Records drawn from a dataset |

- - -

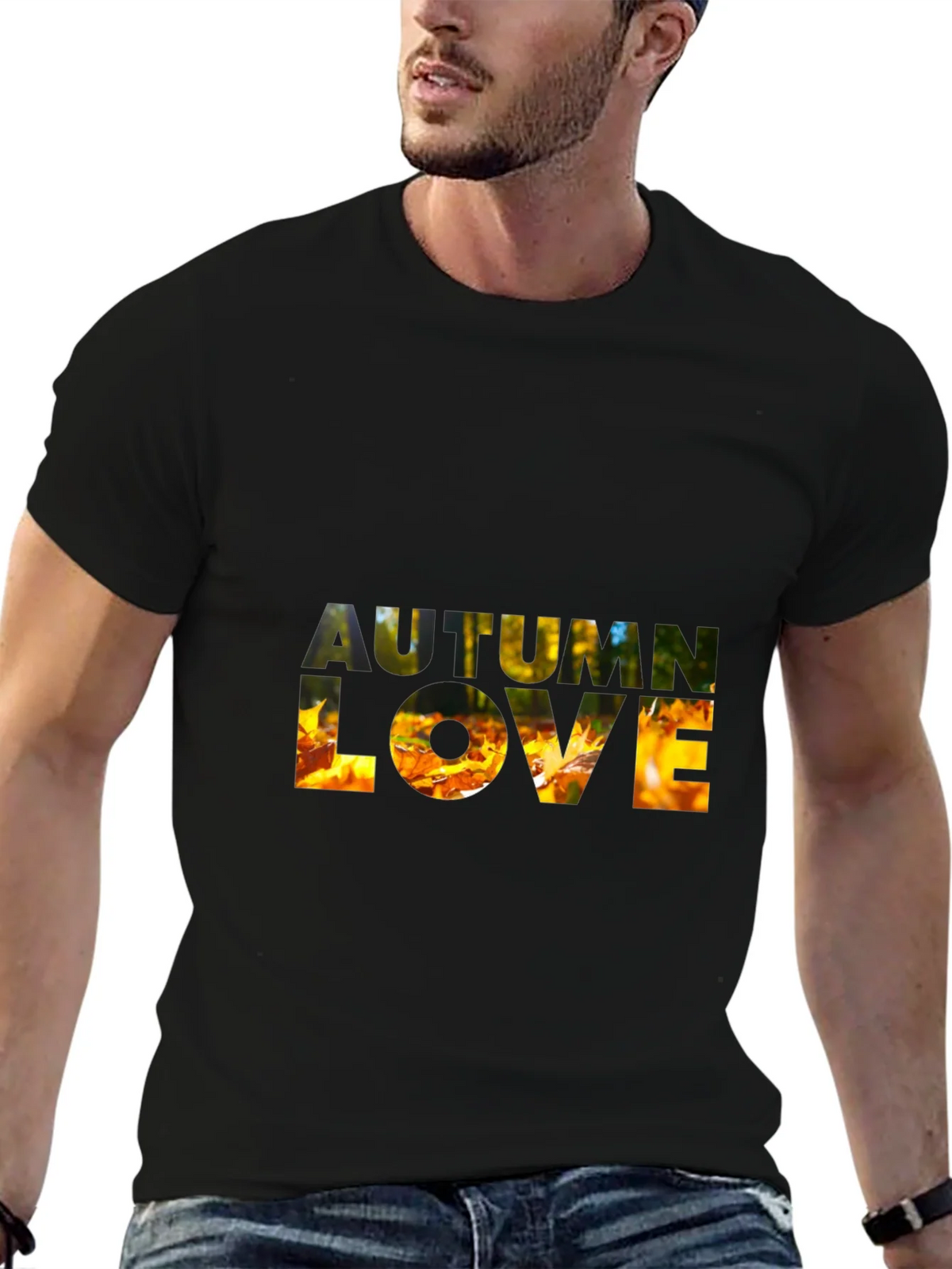Autumn Love Graphic T-Shirt - Fall Season Tee product image 5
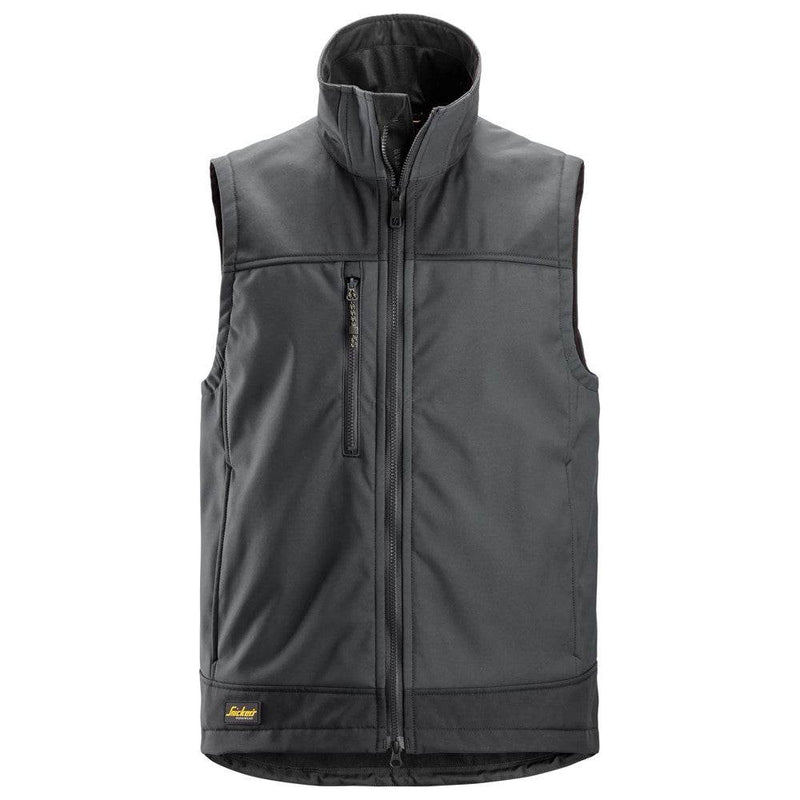 Snickers 4506 AllroundWork Softshell Stretch Vest - Apparel & Accessories > Clothing > Outerwear > Vests BODYWARMERS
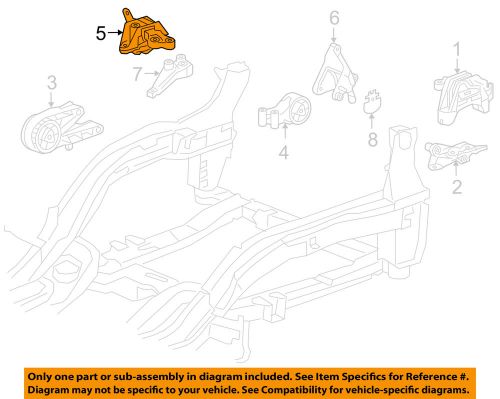 Gm oem engine mounting-side transmission mount 13248550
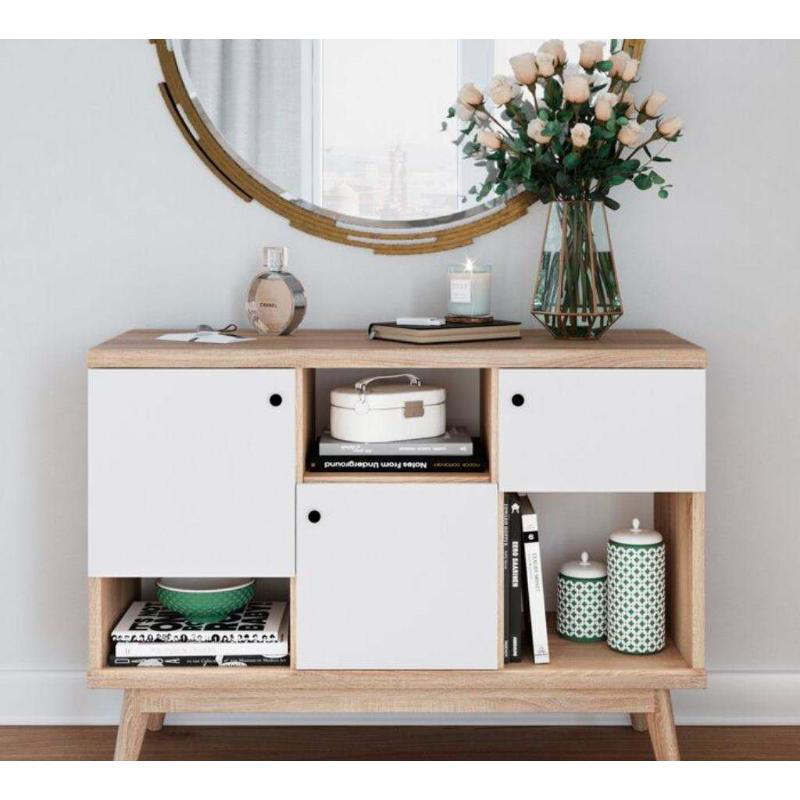 ركن قهوة، 120 سم، أبيض / بيج - KM-EG83-29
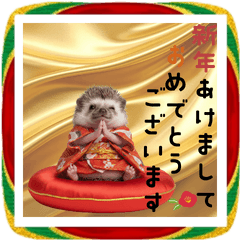 [LINEスタンプ] ハリネズミのお正月スタンプ！クリスマスも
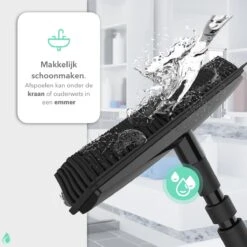 CLEANLY® Rubberen Bezem Met Vloerwisser - Kappersbezem - Zachte Bezem Binnen & Buiten - Vloertrekker Met Steel - 68-150 Cm 15 CLEANLY® Rubberen Bezem Met Vloerwisser - Kappersbezem - Zachte Bezem Binnen & Buiten - Vloertrekker Met Steel - 68-150 Cm -Tuingereedschaps Winkel 1200x1200 460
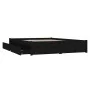Bettgestell mit Schubladen schwarz 140x190 cm von vidaXL, Betten und Lattenroste - Ref: Foro24-3103507, Preis: 257,14 €, Raba...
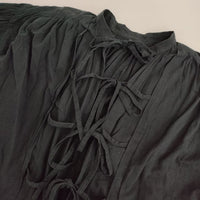 the last flower of the afternoon 追懐のsmock dress ワンピース ブラック レディース ラストフラワー【中古】5-0806M∞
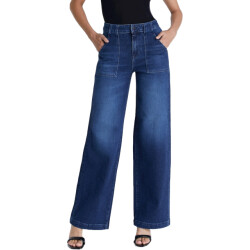 C.O.J. Denim High waist wide leg dark blue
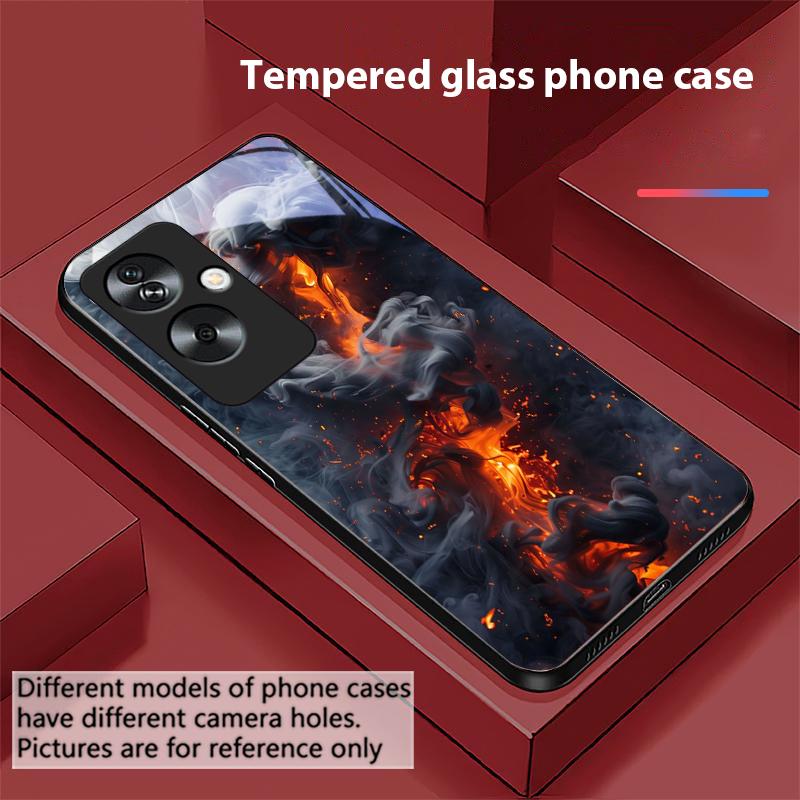 Bunte Zigaretten Für Oppo A79 5G 58 78 74 60 4G Reno 11F Realme GT 6 11 Note 50 10 C55 X2 Gehärtetes Glas Schwarze Handyhülle
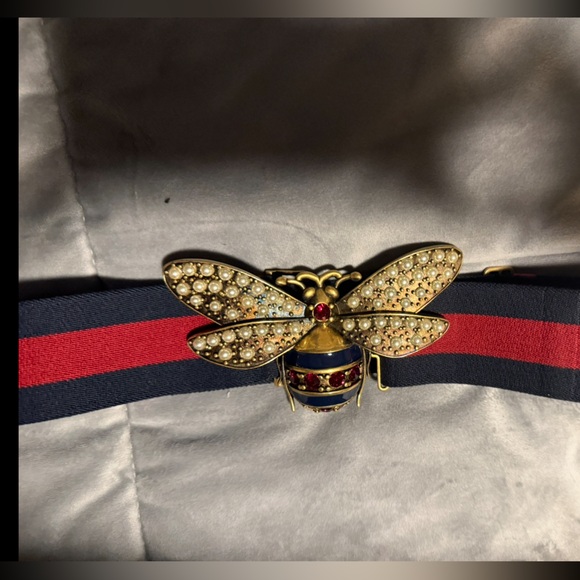 Elegant Gold and Blue Bee Belt main image 5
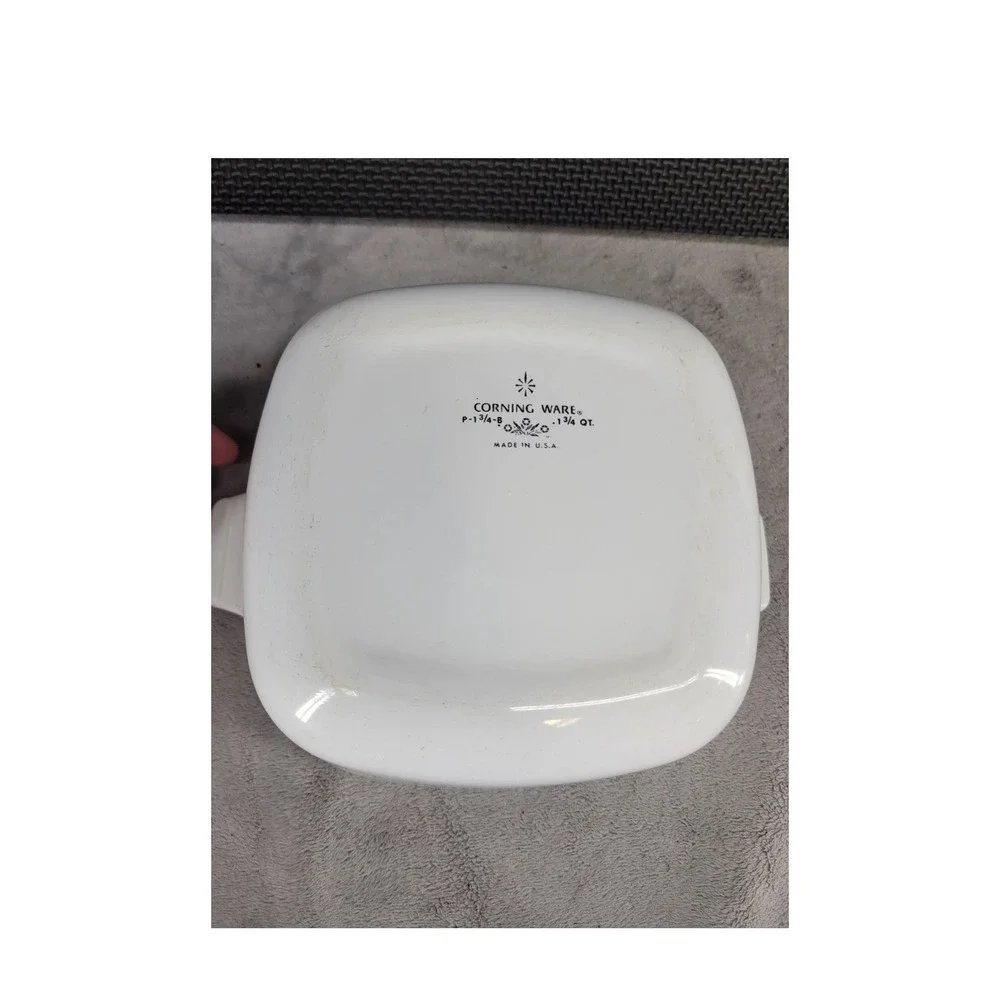 Vintage Corning Ware Blue Cornflower‎ 1.75 Qt Casserole Dish with Lid P-1 3/4-B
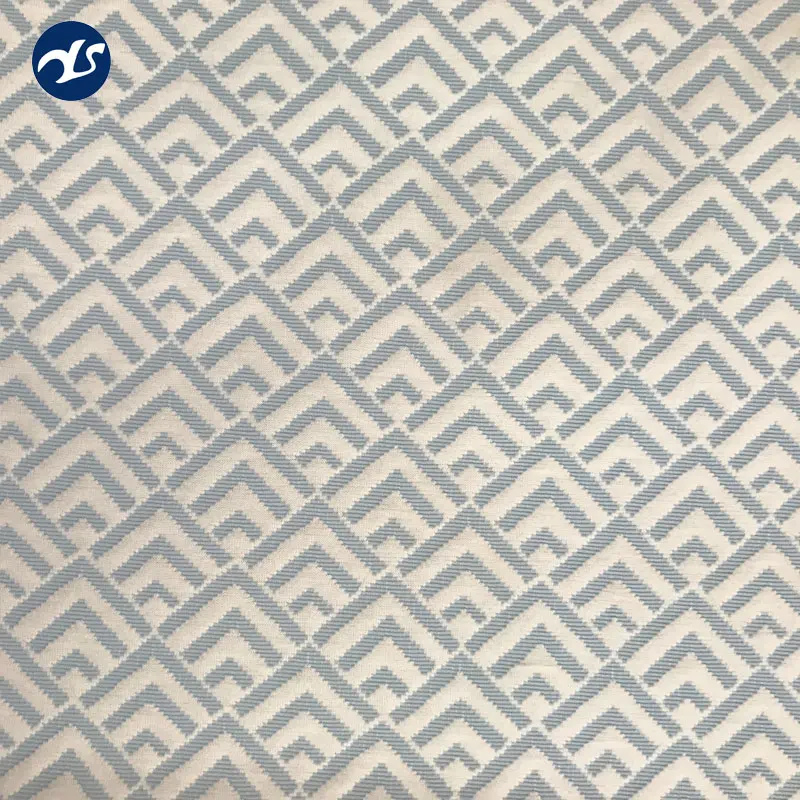 The blue pattern knitted fabric wholesale jacquard knitted mattress fabric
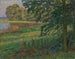 Water's Edge Bank Painting - Robert Hoffmann — artwork view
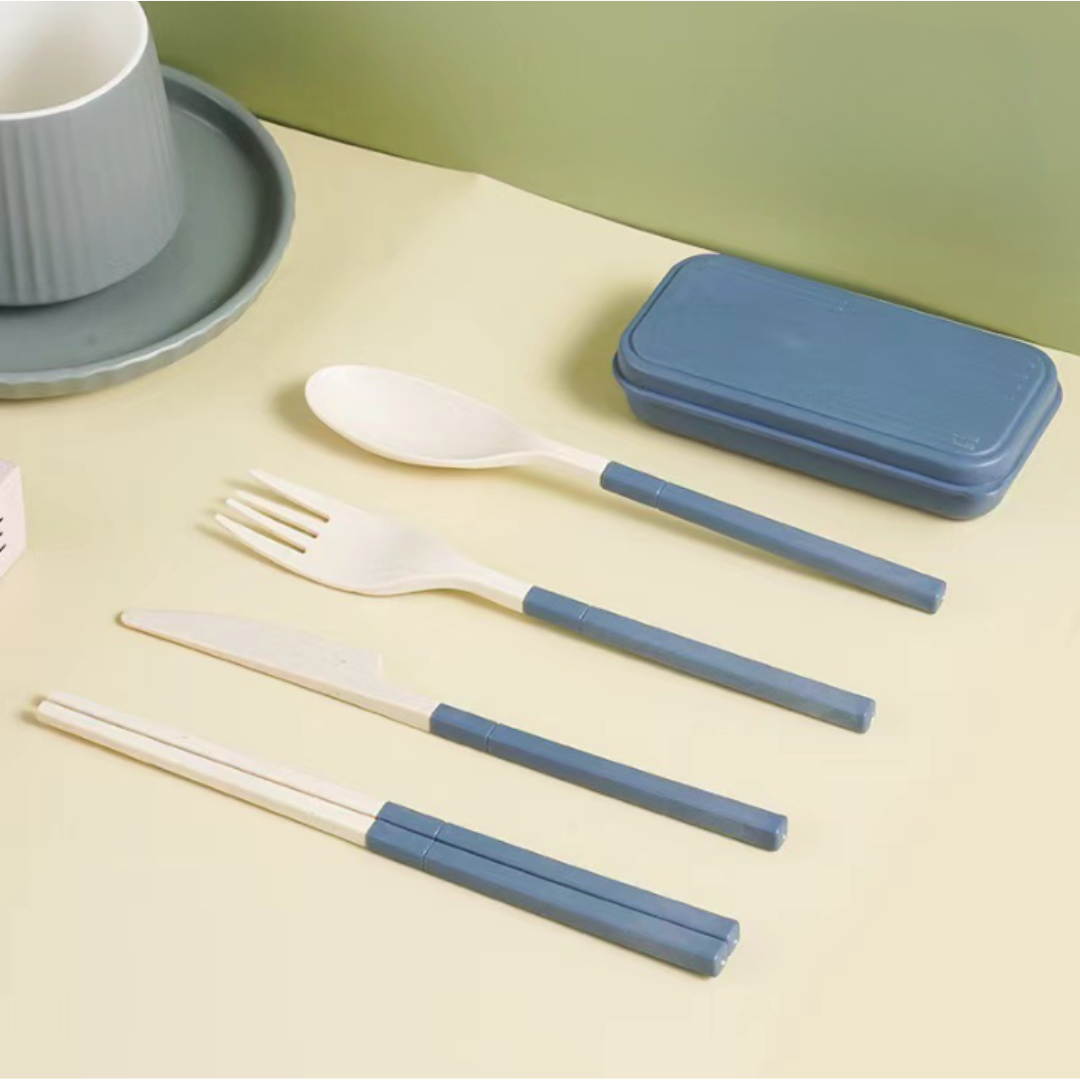 Cutlery Set Wheat Straw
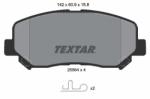 TEXTAR set placute frana, frana disc TEXTAR 2556401 (2556401)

- - -

DIRECTIONS | Every line from the one holding "Elegant Gold and Blue Bee Belt main image 5" through the end of the records above must be reproduced verbatim, pictures excepted.

RESULT OF THE TASK |
 Elegant Gold and Blue Bee Belt main image 5
 Vintage Corning Ware Blue Cornflower‎ 1.75 Qt Casserole Dish with Lid P-1 3/4-B
 The blue pattern knitted fabric wholesale jacquard knitted mattress fabric
 Water's Edge Bank Painting - Robert Hoffmann — artwork view
 Cutlery Set Wheat Straw
 TEXTAR set placute frana, frana disc TEXTAR 2556401 (2556401)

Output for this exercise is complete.